TASK DETAILS
What is needed here is an exact repetition of the records below, beginning at the line that has "Trusts are a" and stopping after the line that has "Metode Kerja Strutting".

RECORDS SHOWN

▬▬▬▬▬▬

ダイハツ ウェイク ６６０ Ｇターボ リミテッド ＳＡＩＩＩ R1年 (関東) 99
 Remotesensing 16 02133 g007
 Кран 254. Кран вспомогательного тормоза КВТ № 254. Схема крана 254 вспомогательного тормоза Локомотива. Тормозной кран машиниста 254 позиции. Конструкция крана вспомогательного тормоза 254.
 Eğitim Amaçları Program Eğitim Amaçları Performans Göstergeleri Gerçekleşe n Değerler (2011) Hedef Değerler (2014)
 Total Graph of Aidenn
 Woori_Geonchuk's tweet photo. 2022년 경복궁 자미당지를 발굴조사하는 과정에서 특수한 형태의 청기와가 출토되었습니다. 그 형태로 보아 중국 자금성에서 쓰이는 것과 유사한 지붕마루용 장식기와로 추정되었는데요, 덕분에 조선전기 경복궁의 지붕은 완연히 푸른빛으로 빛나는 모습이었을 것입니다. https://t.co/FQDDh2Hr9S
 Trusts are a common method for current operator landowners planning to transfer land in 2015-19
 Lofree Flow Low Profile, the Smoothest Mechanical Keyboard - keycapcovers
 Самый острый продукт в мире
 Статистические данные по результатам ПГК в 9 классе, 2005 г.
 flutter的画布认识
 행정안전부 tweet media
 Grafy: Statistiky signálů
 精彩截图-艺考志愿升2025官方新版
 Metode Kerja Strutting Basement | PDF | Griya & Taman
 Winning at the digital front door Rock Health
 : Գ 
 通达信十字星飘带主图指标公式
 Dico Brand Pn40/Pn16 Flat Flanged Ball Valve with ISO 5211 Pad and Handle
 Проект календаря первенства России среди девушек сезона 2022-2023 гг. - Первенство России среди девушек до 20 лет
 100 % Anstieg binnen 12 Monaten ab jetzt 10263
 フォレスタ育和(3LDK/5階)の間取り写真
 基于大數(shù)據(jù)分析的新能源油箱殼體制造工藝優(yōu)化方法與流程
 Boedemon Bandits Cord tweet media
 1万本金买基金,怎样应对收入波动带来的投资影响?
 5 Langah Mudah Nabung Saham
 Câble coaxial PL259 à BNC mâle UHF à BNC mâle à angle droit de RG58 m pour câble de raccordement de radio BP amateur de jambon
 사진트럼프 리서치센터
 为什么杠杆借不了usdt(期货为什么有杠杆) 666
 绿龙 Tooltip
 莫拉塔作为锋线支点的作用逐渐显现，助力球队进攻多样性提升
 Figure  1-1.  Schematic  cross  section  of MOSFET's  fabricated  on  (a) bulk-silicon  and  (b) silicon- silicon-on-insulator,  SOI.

▬▬▬▬▬▬

SOLUTION TO THE PROBLEM
 Trusts are a common method for current operator landowners planning to transfer land in 2015-19
 Lofree Flow Low Profile, the Smoothest Mechanical Keyboard - keycapcovers
 Самый острый продукт в мире
 Статистические данные по результатам ПГК в 9 классе, 2005 г.
 flutter的画布认识
 행정안전부 tweet media
 Grafy: Statistiky signálů
 精彩截图-艺考志愿升2025官方新版
 Metode Kerja Strutting Basement | PDF | Griya & Taman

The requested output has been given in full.